Then the neighbor’s dog started barking, which meant my dog was about to start barking. I tried ignoring it, but then Andy told me to pay attention to the sounds around me. Okay, fine, I paid attention, but that made my heart rate spike because that damn dog out there was about to trigger a howling match which meant my kindergartner was sure to pop out of her bed and bust into my so-called circle of Zen. I spent the remaining seven minutes of the session listening for the 5-year-old, wondering if I had enough sandwich bread for three school lunches and antsy to make my next haircut appointment before my stylist’s calendar filled up.

Clearly, this first day was one of the hard ones. I stuck with it though, dutifully rolling out of bed and trudging sleepily to my chair to sit and breathe.
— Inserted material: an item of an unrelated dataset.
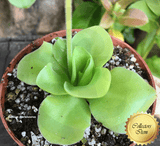 BUTTERWORT (Mexican):  Pinguicula Agnata x Zecheri for sale | Buy carnivorous plants and seeds online @ South Africa's leading online plant nursery, Cultivo Carnivores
I wish I could say it totally worked, that after almost two months of meditating for ten minutes a day, I was a happier, calmer, more productive person, but that’s not exactly how it went down.

During the silent minutes of my meditation sessions, I might start out visualizing my body filling up with liquid gold until a shining light of loving kindness shot out of my head, but my thoughts would always drift into super-stressful territory. Soon I’d be retracing all the possible escape routes from our house were it burning, imagining what I’d do if an earthquake hit while I was driving across the Bay Bridge (we live in Oakland), and on Tuesday mornings, desperately fighting the urge to look out the window to see if my husband remembered to take out the trash bins.

Andy told me to notice how my brain wandered, concentrate on my breathing, and gently bring my thoughts back to the here and now. The problem was, the more I cleared my head of the top-level clutter, the more room I made for my deeper worries to shimmy out of the shadows. In my non-meditating hours, I often felt more anxious than ever, yet entirely unmotivated to do anything about it. I gained 4 pounds. I forgot to pay the bills. I could barely keep my eyes open past 8 p.m. I missed my anxiety-driven motivation. At least then I got shit done.

My family will tell you that I was nicer, as in, I wasn’t yelling as much, and maybe that’s true, but I wouldn’t say I was happier. Not being pissed all the time was an improvement, but I didn’t feel like myself. I felt detached. I couldn’t quite shake the stressful thoughts that surfaced while meditating, including the idea that I wasn’t doing this meditation thing right.

Eight weeks into my meditation journey, I stopped. It’s totally possible that I might go back to it at some point when I’m ready. Until then, I’ll keep practicing the one takeaway that stuck with me because shooting bolts of liquid-gold loving-kindness at all the assholes who cut me off on the road really does feel better than cussing them out.